**WHAT YOU WILL DO**: For this exercise, transcribe all of the entries exactly.

RECORDS SUPPLIED Start Marker

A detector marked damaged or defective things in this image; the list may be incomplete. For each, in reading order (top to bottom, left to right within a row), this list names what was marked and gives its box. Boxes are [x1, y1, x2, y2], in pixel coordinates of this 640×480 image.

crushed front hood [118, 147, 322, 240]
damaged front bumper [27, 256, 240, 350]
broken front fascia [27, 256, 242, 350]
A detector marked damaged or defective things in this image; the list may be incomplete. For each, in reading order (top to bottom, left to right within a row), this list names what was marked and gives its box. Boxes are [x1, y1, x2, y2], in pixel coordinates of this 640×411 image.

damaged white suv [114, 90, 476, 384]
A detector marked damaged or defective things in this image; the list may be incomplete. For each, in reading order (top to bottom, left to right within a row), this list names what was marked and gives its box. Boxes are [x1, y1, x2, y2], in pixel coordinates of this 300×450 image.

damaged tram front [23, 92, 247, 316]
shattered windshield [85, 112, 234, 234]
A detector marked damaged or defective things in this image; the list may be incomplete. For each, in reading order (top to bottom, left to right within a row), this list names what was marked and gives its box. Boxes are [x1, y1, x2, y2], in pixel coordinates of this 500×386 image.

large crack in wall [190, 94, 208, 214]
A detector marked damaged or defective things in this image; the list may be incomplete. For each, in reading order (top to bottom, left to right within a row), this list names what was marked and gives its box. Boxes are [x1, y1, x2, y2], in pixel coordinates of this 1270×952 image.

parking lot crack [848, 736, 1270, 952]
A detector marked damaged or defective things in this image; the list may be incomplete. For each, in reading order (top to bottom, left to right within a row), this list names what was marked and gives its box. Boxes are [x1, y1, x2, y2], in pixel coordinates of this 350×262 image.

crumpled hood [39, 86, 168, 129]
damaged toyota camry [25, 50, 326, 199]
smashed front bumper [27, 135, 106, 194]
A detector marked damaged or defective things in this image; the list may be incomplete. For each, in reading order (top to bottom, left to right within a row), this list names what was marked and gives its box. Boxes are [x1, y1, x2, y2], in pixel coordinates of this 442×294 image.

RECORDS SUPPLIED End Marker

**RESULT OF THIS TASK**:
A detector marked damaged or defective things in this image; the list may be incomplete. For each, in reading order (top to bottom, left to right within a row), this list names what was marked and gives its box. Boxes are [x1, y1, x2, y2], in pixel coordinates of this 640×480 image.

crushed front hood [118, 147, 322, 240]
damaged front bumper [27, 256, 240, 350]
broken front fascia [27, 256, 242, 350]
A detector marked damaged or defective things in this image; the list may be incomplete. For each, in reading order (top to bottom, left to right within a row), this list names what was marked and gives its box. Boxes are [x1, y1, x2, y2], in pixel coordinates of this 640×411 image.

damaged white suv [114, 90, 476, 384]
A detector marked damaged or defective things in this image; the list may be incomplete. For each, in reading order (top to bottom, left to right within a row), this list names what was marked and gives its box. Boxes are [x1, y1, x2, y2], in pixel coordinates of this 300×450 image.

damaged tram front [23, 92, 247, 316]
shattered windshield [85, 112, 234, 234]
A detector marked damaged or defective things in this image; the list may be incomplete. For each, in reading order (top to bottom, left to right within a row), this list names what was marked and gives its box. Boxes are [x1, y1, x2, y2], in pixel coordinates of this 500×386 image.

large crack in wall [190, 94, 208, 214]
A detector marked damaged or defective things in this image; the list may be incomplete. For each, in reading order (top to bottom, left to right within a row), this list names what was marked and gives its box. Boxes are [x1, y1, x2, y2], in pixel coordinates of this 1270×952 image.

parking lot crack [848, 736, 1270, 952]
A detector marked damaged or defective things in this image; the list may be incomplete. For each, in reading order (top to bottom, left to right within a row), this list names what was marked and gives its box. Boxes are [x1, y1, x2, y2], in pixel coordinates of this 350×262 image.

crumpled hood [39, 86, 168, 129]
damaged toyota camry [25, 50, 326, 199]
smashed front bumper [27, 135, 106, 194]
A detector marked damaged or defective things in this image; the list may be incomplete. For each, in reading order (top to bottom, left to right within a row), this list names what was marked and gives its box. Boxes are [x1, y1, x2, y2], in pixel coordinates of this 442×294 image.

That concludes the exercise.